Just in case was a language in which I was fluent by that time. I’ve always felt the need to have plans and back-up plans, and, since Dad had gotten sick and had begun to need around-the-clock care, I knew that careful strategies and consideration of all the variables was essential to my entire family. Having to tote a yellow-handled wrench around did not at all – pun intended – put a wrench in the plans we had laid.

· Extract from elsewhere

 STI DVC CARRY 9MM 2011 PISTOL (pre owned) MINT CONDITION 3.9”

A couple of days later I drove back to where my parents lived and parked my car in front of their house. I heard the buzzing again after I’d turned off the engine, and I inexpertly used the wrench to disconnect the battery. I became much smoother at the process over the next couple of weeks, even performing the procedure later in snow and in the dark. On the day when I was driving home from my parents’ house on icy roads and had to turn back due to the route being impassable, I pulled up in my parents’ driveway, stepped out of the car, and heard the buzzing again. In the snow and ice, I hurriedly used the wrench to disconnect the battery and then closed the hood of the car and went inside, wet from the snow and shaken from the precariousness of the road conditions. Dad, who was sitting in his red leather recliner chair in the den, looked up from reading the newspaper when I walked in and noticed the wrench that I’d forgotten to put back in the car in my hand. When he asked and then I explained why I’d needed the tool, he laughed and said, “Well, if the whole OT thing doesn’t work out for you, I guess you could always be a mechanic.”

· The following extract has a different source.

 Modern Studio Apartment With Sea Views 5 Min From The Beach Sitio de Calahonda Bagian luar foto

When Dad was in the hospital the last time and my family was having to deal with getting to and from the hospital on icy roads at all hours of the day and night, I got so adept at disconnecting and reconnecting the battery that I could do it in the hospital garage in under ten seconds each time. I ignored the stares of the people around me in the garage and declined the help of the security guard who saw me with the yellow-handled wrench and my car hood propped open. The battery hookup/unhook became part of my commute routine, just like defrosting the windows and driving through Sonic on the way to the hospital to get Dad a Diet Coke.
I still sometimes think about the boy who said he could identify colors by their smell, and it makes me think that maybe part of the reason I made it through the difficulty of the time when my dad was sick and since then is that I somehow recognized that, because my family is lucky, we had the sound of laughter to remind us of the love and hope and devotion we shared even through the most challenging times.